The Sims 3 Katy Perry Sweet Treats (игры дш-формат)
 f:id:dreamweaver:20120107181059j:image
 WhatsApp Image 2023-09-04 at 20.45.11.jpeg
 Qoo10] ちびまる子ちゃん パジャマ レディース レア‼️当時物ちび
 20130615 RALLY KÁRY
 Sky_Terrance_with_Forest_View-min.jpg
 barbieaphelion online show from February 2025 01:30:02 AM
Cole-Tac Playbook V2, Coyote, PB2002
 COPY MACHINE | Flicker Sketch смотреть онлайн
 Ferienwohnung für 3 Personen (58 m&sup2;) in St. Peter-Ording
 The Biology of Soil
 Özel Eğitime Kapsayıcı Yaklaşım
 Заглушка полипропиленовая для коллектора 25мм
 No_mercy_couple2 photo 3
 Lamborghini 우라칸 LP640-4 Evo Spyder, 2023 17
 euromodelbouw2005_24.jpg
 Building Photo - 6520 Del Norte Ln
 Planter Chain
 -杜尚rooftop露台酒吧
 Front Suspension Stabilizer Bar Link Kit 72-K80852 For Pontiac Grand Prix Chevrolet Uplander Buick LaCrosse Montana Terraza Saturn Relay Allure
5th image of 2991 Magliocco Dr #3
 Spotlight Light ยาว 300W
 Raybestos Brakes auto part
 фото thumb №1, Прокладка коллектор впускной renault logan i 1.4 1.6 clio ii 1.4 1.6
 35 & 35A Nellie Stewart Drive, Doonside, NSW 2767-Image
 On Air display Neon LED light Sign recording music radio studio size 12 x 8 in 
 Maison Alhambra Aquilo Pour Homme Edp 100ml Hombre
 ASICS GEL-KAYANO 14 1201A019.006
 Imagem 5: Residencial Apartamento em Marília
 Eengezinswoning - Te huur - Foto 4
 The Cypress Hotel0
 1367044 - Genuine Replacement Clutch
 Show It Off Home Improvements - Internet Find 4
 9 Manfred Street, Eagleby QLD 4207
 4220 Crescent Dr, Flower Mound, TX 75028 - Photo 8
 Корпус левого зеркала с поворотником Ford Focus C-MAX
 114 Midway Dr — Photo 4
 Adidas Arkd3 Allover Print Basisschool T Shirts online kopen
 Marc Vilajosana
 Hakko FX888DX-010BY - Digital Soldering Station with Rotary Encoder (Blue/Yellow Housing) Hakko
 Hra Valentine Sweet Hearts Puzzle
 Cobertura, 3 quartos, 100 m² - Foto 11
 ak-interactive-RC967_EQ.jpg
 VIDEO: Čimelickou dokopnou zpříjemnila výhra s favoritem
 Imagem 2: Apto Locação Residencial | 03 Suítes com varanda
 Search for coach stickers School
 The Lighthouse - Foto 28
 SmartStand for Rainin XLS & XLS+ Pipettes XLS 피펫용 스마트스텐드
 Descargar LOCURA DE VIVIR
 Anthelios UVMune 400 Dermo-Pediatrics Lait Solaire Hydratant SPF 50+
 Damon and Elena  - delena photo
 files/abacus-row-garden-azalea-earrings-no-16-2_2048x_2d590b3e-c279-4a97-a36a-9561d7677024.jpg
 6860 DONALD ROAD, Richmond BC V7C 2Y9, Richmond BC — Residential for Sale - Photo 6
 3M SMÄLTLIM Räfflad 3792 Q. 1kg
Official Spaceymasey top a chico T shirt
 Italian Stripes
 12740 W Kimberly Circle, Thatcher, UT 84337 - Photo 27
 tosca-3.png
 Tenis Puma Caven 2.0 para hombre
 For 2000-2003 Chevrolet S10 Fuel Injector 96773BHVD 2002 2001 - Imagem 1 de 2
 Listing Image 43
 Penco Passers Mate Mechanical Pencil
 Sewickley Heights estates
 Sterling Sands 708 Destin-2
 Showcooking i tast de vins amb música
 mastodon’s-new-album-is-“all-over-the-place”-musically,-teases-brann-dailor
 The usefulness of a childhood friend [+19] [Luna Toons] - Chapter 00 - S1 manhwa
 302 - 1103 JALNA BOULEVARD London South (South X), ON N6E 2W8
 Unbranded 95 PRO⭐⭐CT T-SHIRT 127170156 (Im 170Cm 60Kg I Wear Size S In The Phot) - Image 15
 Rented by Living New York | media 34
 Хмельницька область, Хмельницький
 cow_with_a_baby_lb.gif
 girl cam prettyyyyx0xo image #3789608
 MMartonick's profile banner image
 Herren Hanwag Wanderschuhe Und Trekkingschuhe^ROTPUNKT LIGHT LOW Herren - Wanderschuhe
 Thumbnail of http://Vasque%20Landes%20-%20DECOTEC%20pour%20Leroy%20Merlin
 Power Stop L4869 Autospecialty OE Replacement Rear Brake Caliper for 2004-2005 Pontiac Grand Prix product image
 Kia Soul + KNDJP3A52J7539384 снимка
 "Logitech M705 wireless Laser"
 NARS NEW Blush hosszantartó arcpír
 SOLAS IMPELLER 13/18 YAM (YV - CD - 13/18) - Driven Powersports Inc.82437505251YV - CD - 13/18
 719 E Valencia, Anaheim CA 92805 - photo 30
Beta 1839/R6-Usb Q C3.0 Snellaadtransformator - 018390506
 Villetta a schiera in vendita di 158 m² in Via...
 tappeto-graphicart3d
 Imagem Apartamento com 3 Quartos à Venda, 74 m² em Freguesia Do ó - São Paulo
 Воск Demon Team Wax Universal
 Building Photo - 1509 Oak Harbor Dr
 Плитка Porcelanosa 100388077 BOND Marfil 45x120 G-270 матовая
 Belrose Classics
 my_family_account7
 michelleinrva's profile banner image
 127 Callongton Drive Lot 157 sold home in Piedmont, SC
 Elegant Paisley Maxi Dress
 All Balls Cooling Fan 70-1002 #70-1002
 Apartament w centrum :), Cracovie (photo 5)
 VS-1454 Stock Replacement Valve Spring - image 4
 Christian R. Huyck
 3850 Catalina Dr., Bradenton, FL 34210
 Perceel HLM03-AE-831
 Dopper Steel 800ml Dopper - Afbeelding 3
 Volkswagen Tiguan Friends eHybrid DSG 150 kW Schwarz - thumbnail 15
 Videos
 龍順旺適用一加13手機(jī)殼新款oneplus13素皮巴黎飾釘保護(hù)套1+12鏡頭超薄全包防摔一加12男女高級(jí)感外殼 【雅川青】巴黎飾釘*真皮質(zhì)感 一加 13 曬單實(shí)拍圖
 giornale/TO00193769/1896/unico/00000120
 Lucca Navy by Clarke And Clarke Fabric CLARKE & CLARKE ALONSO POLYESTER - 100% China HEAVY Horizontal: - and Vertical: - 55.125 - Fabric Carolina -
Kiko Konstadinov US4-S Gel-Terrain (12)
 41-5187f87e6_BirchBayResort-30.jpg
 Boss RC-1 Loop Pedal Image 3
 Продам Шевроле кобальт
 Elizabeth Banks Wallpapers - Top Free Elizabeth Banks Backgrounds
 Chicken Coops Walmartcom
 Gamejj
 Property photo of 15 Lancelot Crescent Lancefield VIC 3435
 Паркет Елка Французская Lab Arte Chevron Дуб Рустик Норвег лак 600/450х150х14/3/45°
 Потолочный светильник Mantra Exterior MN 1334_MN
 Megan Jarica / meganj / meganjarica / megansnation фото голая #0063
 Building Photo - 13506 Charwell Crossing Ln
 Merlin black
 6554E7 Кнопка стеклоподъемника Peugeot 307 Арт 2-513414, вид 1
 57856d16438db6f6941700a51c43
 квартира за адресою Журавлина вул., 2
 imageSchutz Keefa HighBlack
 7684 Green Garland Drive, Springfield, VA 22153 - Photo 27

* * *

• **Work to be completed**: Retype exactly the span of lines from the one with "Apartament w centrum :), Cracovie (photo 5)" through the one with "一加 13 曬單實(shí)拍圖"; include both ends and omit the rest of the material.

• **Your solution**:
 Apartament w centrum :), Cracovie (photo 5)
 VS-1454 Stock Replacement Valve Spring - image 4
 Christian R. Huyck
 3850 Catalina Dr., Bradenton, FL 34210
 Perceel HLM03-AE-831
 Dopper Steel 800ml Dopper - Afbeelding 3
 Volkswagen Tiguan Friends eHybrid DSG 150 kW Schwarz - thumbnail 15
 Videos
 龍順旺適用一加13手機(jī)殼新款oneplus13素皮巴黎飾釘保護(hù)套1+12鏡頭超薄全包防摔一加12男女高級(jí)感外殼 【雅川青】巴黎飾釘*真皮質(zhì)感 一加 13 曬單實(shí)拍圖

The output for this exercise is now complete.